Previously, I have outlined the contours of an optimal personality profile and emphasized what I consider to be the three crucial factors that determine the bulk of your dating success (looks, confidence, and determination). I have also come across Return of Kings senior game writer Troy Francis’ book How To Be An Assh*le That Beautiful Women Love and will partly relate my argument on its main idea.
The underlying concept in Francis’ book is that the so-called dark tetrad—Machiavellianism, narcissism, psychopathy and sadism—combined with positively standing out from the rest of the male crowd, is the explosive powder which is required to bed the most attractive females.
I think it is a very reasonable idea and doesn’t exclude the importance of the three factors that I mentioned. In fact it goes hand in hand in many ways, since a person’s personality profile largely underlies his looks, confidence, and determination. A little bit of sadism brings that extra dimension in the bedroom, and may be reason why hotter women stick around.
However, when it comes to long-term relationships, some of the dark elements have to be toned down at the expense of other more “beta” traits.
The importance of agreeableness, gregariousness, conscientiousness, and openness to experience
Many of us can agree that a significant degree of dark traits are required when it comes to modern dating. They will also be needed when one seeks after a more traditional woman. The Machiavellian man knows how to display the sides that are in his favor, and a confident male who looks good and has ambition is a near-universal appeal for the opposite sex.
But within the frames of long-term relationship—perhaps even a mini-relationship—with a fairly healthy woman, other sides are needed as well. Sure, you should continue to possess frame, ambition, good looks, and cunning, but a relationship is more than mental games and wild sex. It is about interpersonal intimacy, having fun, and showing loyalty. For this you need the four personality traits of agreeableness, conscientiousness, gregariousness and openness to experience, of which the two first-mentioned are almost the complete opposites of the dark tetrad.

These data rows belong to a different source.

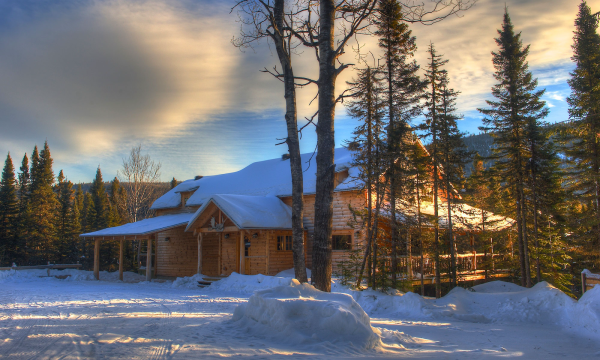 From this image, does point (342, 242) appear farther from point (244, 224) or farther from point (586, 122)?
point (586, 122)

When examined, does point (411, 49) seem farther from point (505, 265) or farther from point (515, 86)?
point (505, 265)

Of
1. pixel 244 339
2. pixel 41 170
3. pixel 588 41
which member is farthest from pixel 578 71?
pixel 41 170

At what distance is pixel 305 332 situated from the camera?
5797 mm

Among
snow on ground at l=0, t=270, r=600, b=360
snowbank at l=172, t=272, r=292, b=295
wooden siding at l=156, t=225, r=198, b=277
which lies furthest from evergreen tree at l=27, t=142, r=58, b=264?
snow on ground at l=0, t=270, r=600, b=360

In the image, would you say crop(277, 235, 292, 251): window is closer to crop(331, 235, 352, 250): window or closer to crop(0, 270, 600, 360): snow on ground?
crop(331, 235, 352, 250): window

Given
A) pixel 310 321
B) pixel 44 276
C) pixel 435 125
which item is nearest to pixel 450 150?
pixel 435 125

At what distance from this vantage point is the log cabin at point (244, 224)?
61.9ft

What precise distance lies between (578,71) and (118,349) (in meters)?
23.0

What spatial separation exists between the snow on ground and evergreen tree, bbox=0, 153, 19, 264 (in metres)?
32.7

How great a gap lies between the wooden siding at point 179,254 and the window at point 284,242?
686 centimetres

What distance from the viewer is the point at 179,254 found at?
24.8 meters

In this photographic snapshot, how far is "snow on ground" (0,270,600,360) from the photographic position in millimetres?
5094

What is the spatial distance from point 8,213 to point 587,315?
44.7 m

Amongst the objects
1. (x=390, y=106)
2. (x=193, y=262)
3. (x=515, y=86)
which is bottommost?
(x=193, y=262) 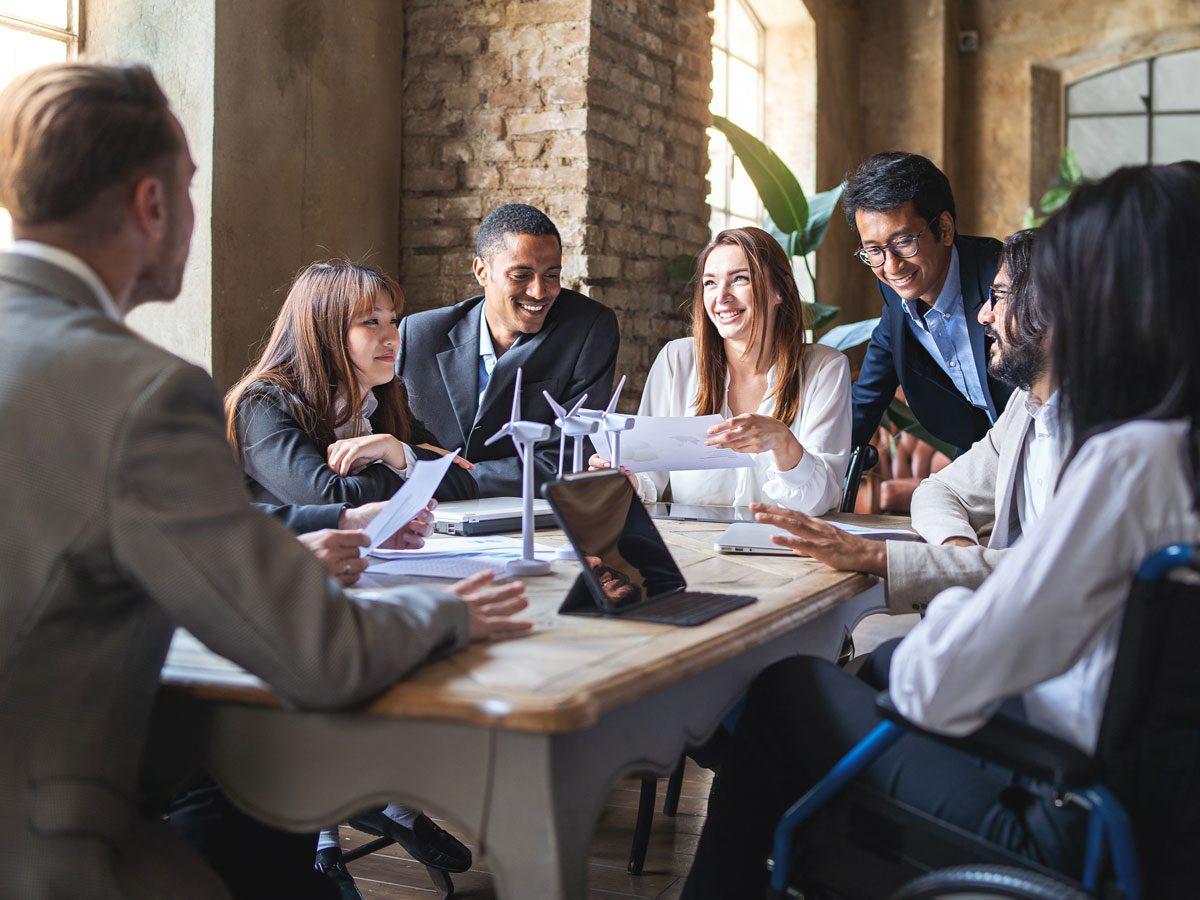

In order to connect with another human being, you need to be warm and kind, and even gregarious (a facet of extroversion). To some extent your partner is your friend, and you could do things that you and your best male friend could do together, such as meeting your respective family, friends, having dinners, and traveling. That is rather obvious and should come as no surprise to anyone who has been in a LTR and observed many others throughout life.
Also consider the conscientious aspects, such as being reliable, having your finances in order, and showcasing sound moral behavior. These are all positive features. It is not more complicated than the fact that you need some of these things to have a normal life between those more delicate moments of passionate sex, joyful leisure activities, and unforgettable trips to various places around the world.
The latter is also also linked to openness and experience. You don’t have to manifest your intellectual prowess to your girlfriend, if that was not a reason why you ended up together in the first place, but be open for some fresh ideas every now and then. You are still you, with a unique essence, but some new elements can be positive for both you and your partner. They can be both sexual and non-sexual.
Often it is as easy as you suggesting a place where you want to go, or something that you want to do, and then you do that together. To convey such a message to your partner and convince her about your suggestion being the most optimal is not difficult for a man of some value. Be a leader, while simultaneously being somewhat open for compromises and your partner’s wishes. Females love urbane men who know their way around, and the men love themselves for it.
The dark tetrad, to a proper degree, is a powerful tool that a man may use in order to attract women in general and attractive such in particular. However, within a long-term relationship, brighter dimensions are needed to counter the dark traits and create a fruitful balance within the kaleidoscope which makes up most modern relationships. This is because human nature as such is quite complex and variegated.